Life

Columbia Pictures and Skydance Media

SXSW 2017

Life is a terrifying sci-fi thriller about a team of scientists aboard the International Space Station whose mission of discovery turns to one of primal fear when they find a rapidly evolving life form that could have caused extinction on Mars, and now threatens the crew and all life on Earth. 

  • Jake Gyllenhaal
    David Jordan
  • Rebecca Ferguson
    Miranda North
  • Ryan Reynolds
    Rory Adams
  • Hiroyuki Sanada
    Sho Murakami
  • Olga Dykhovichnaya
    Ekaterina Golovkina
  • Ariyon Bakare
    Hugh Derry
  • Director
    Daniel Espinosa
  • Producers
    David Ellison, Dana Goldberg, Bonnie Curtis, and Julie Lynn
  • Written by
    Rhett Reese & Paul Wernick
  • Executive Producers
    Don Granger and Vicki Dee Rock
  • Director of Photography
    Seamus McGarvey, ASC, BSC
  • Production Designer
    Nigel Phelps
  • Edited by
    Frances Parker and Mary Jo Markey, ACE
  • Costume Designer
    Jenny Beavan
  • Music by
    Jon Ekstrand
Claustrophobia, paranoia, loneliness, fear of a hostile takeover by anyone or anything. Whatever your anxiety, Daniel Espinosa’s polished space thriller Life is designed to tease it out. […]
Espinosa shuffles and recombines familiar elements, more often stoking slow-burning terror than goosing us with jump scares. (Although he does toss in a few of those.) Part of what makes Life so unsettling is how eerily calming much of it is. […] But when Life jolts awake, the tension is almost unbearable, right up to the brooding, cautionary ending. This is an effective and unsettling piece of filmmaking, partly because Gyllenhaal has one of the most sympathetic faces in movies today–it’s haunted and haunting.
 
Any reasonable creature feature worth its bones should have, on balance, about half a dozen scenes where a character makes a patently illogical decision. […] If the film is scary and chaotic enough, every bad choice will act as a link in a chain, building to a satisfying crescendo of mayhem that the audience has secretly been rooting for all along. Life isn’t perfect … but it does exactly that. […] All in all, Life is exactly what you’d expect—a bit of nasty, energetic horror that ends on a darkly satisfying note—but that’s an increasingly rare quality for a big-budget studio film these days.
 
 
[I]t is undeniably satisfying to be in the hands of a persuasive director who, along with editors Frances Parker and Mary Jo Markey, knows how to slowly ratchet up the tension to a properly unnerving level.
- Los Angeles Times
 
There’s enough action, suspense and deadly peril to make this adventure in high orbit a satisfying journey. […] It’s a harrowing high-wire adventure with an unexpected but satisfying conclusion. 
- The Star 
 
Its premise may be familiar but there is plenty of energy and ingenuity in the way the filmmakers tackle their material.
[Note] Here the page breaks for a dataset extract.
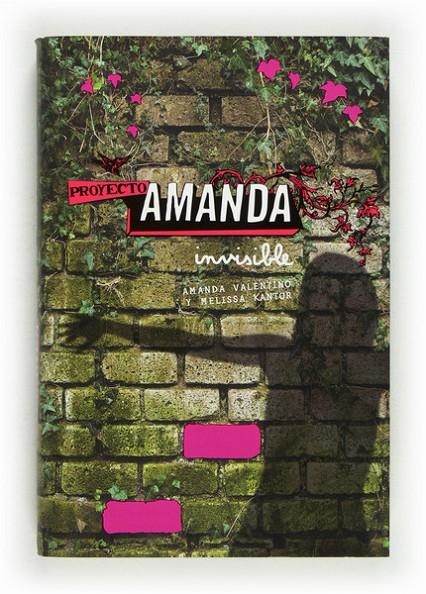 PROYECTO AMANDA 1. INVISIBLE | 9788467543070 | VALENTINO, AMANDA I KANTOR, MELISSA | Llibreria Online de Banyoles | Comprar llibres en català i castellà online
Espinosa realises that the most spectacular special effects will mean nothing unless the film has the human factor – and the audience feels a strong connection with the characters. The most disturbing shots here are the close-ups of the crew members’ faces as they realise the predicament they’ve landed in.
Even at the grimmest moments, Espinosa looks for the visual poetry. This can be very macabre. If someone is vomiting blood, he’ll show slow motion footage of little red beads floating in the air. There’s a certain grotesque lyricism, too, to the scenes in which the creature slithers its way down characters’ throats or curls around them in a python-like embrace. In the universe the director conjures up here, everything becomes threatening. 

ABOUT THE FILM

The approach to Life was to make a terrifying thriller that feels like it could be in today’s headlines.  “This script had such a degree of reality and a feeling of constant tension,” says Ryan Reynolds, who stars alongside Jake Gyllenhaal and Rebecca Ferguson.  The film reunites Reynolds with his Deadpool writers Rhett Reese & Paul Wernick and his Safe House director Daniel Espinosa.  “It begins with an air of discovery that turns to a tension that permeates the whole film as we learn more and more about this thing that we’ve put on board the ISS.” 

Life is an original production that originated at Skydance, where it was overseen by David Ellison and Dana Goldberg, who developed and packaged the film.  Skydance then brought in Sony Pictures as the film’s production and distribution partner.

Director Daniel Espinosa says that before he was approached to direct Life, he had given some thought to the ways his filmmaking heroes approached science fiction. “I think the reason so many great directors have walked into science fiction is to work with the unknown – the fear or fascination with the unknown,” he says.  “We live in a world that is quite mundane, but in space, you enter an adventure – you don’t know how it looks, how it feels, what it can do to you, where it is.  It doesn’t make a sound.  That’s terrifying.”

After reading the script for Life, Espinosa saw a way to draw on the work of those icons and yet make a film that would bear his own personal stamp.  “This script felt more like a realistic science fiction – maybe science reality,” he says, noting that scientists have discovered proof of water on Mars, thousands of exoplanets revolving around other stars, and even waking 50,000-year-old microbes that have been hibernating inside crystals.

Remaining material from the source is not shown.